That's pretty much the way the story goes. There were supposedly long underground passages/caves, with stairways that had been built.

It's doubtful that the American Indians ever did anything with gold, as they just didn't care about it. While the early technology in the Americas implies little was done with metals, there is evidence that knowledge of metals did exist (bronze casting in pyramids in Mexico, for example, and the copper mines in the north central US). The Indians simply didn't care. Who did the work remains an open question, assuming that the story is true.

If one were interested in finding lost mines, etc., there are many other stories that have been verified, at least in part. The Lost Arches of the Mojave have been discovered many times, but it seems that landmarks and such that are left either disappear or cannot be found again. Yet there are at least a half dozen verifiable stories of miners that found Lost Arches.

The Spanish did a lot of discovery work in the southwest, more often with refractory ores than placer, but when the US was in expansion, most of the mines were blown because the operators didn't want the US to acquire that wealth. Further, the ores that we know of were difficult to refine, and the Mexicans/Spanish used an unknown method. Many arrastras and associated equipment have been found, but the methods are still unknown. (An arrastra is a grinding apparatus used for crushing ore.) It is possible that the bullion in the cave in NM is the result of one of these operations.

Besides Lost Arches, the Pegleg is presumably lost, though there is one record of a fellow who sent a nugget to a newspaper, claiming he had found the Pegleg. Another was a deposit covered by a landslide somewhere in Modoc County, CA. Another is a hearsay of some miners who worked the beaches near Gold Beach OR, buried their gold in coffee tins somewhere on the beach, but were murdered by highwaymen when they went for supplies. Henry Plummer, outlaw sheriff in Bannack, MT, is reported to have buried his robbed fortune (some $20 million in gold) in several caches near Bannack/Grasshopper Creek.

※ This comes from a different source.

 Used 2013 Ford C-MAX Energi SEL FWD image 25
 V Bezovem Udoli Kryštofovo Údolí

The Plummer gang was captured by vigilantes and all but one were hung; Plummer never disclosed the location of his ill-gotten gains, and he was the only one who knew the location.

Alder Gulch MT has many lost or undiscovered veins of gold; there were hundreds, if not thousands, of outcrops with quartz/gold in the gulch, and the reports claim that more gold was taken in a shorter time in the gulch than anywhere else in the world.

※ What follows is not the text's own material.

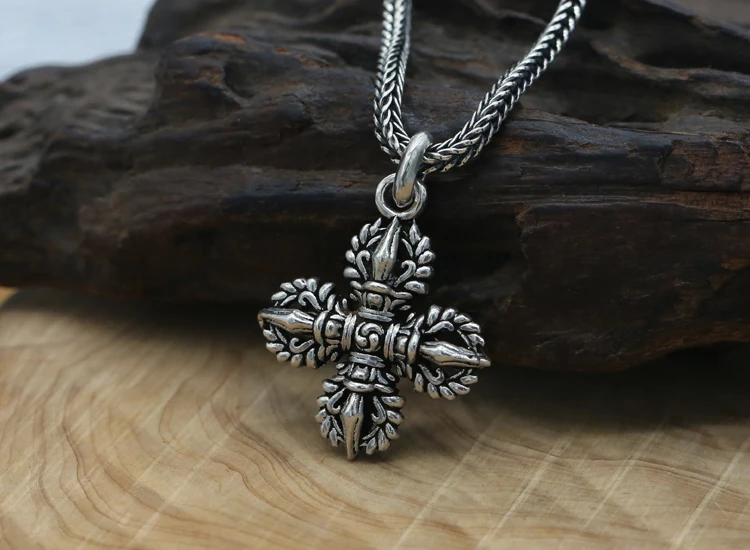 silver-pendant0301a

East of Great Falls MT, there are reports of a small gulch that contains the only known deposit of garnet laced with gold, but no one knows exactly where it is. The samples from the gulch have sold for as much as $12,000/troy ounce to collectors, but few are available to analyze, and those have been cleaned up so it's almost impossible to get much geological data and find the deposit.

Along the Klamath in CA, one of the creeks on the north side of the watershed contains turquoise laced with gold. Not much of this has been found, but enough to indicate a larger deposit lies up the creek.

Several lost mines can be traced into the northwest corner of Arizona.

And all these are more verifiable than the NM caves. So if you're looking for gold, go to the places it has already been found, or look for lost mines whose existence is more thoroughly proved.